Il lettone porta con sè energia e buon tiro dall’arco in uscita dai blocchi, il croato, esperienza e fisicità sotto le plance, caratteristiche quelle di Zizic, che dovrebbero servire al gruppo bianconero per migliorare la protezione sotto il proprio canestro contro squadre come il Bayern, che hanno forza e centimetri in quella zona del campo.

Quando poi, anche Jordan Mickey e Ognjen Dobric rientreranno dagli infortuni (per Mickey il ritorno in gruppo sembra ormai alle porte), coach Banchi potrà tirare un grande sospiro di sollievo e poter giostrare ancora meglio l’organico per una seconda parte di stagione in cui si andranno a giocare le fasi finali dei tornei.

Quella di stasera è una gara estremamente importante per la Segafredo, vincerla significherebbe continuare a mantenere il secondo posto in solitaria, ma anche aggiungere un’altra preziosa vittoria ( e sarebbero così tredici) a quelle già ottenute, per arrivare al fatidico numero di diciassette, che vorrebbe dire aver quasi assicurata la possibilità di partecipare almeno ai play in.

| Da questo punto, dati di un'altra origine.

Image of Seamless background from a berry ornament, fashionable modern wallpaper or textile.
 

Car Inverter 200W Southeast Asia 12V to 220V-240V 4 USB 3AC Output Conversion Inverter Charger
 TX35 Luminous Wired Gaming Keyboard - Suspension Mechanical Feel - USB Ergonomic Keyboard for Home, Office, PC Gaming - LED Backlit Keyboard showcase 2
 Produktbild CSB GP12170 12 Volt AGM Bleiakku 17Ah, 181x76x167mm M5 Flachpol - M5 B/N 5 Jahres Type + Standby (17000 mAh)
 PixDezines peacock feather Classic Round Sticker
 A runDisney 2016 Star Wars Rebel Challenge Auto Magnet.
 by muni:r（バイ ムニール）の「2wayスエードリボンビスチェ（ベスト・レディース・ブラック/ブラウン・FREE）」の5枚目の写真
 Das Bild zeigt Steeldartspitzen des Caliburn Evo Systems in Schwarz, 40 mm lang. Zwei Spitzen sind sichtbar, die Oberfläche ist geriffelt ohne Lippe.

Ma con l’inserimento di Lomatzs e Zizic, il gruppo potrebbe anche continuare a sorprendere, provando a raggiungere i playoff direttamente, senza passare dalle forche caudine di rischiose partite dentro/fuori.

Vincere la gara odierna, darebbe inoltre maggiore tranquillità al gruppo in vista delle prossime sei, in cui la Segafredo ne giocherà cinque lontano dalle mura amiche; Alba, Maccabi, Efes, in casa con Asvel, Fener e Barcellona.

Palla a due alle 20,30 agli ordini del serbo Uros Nikolic, dello sloveno Mario Majkic e dello spagnolo Alberto Baena Arroyo. Diretta televisiva su Sky Sport e DAZN, mentre Dario Ronzulli, sarà come sempre, la voce narrante sulle frequenze di Radio Nettuno Bologna Uno.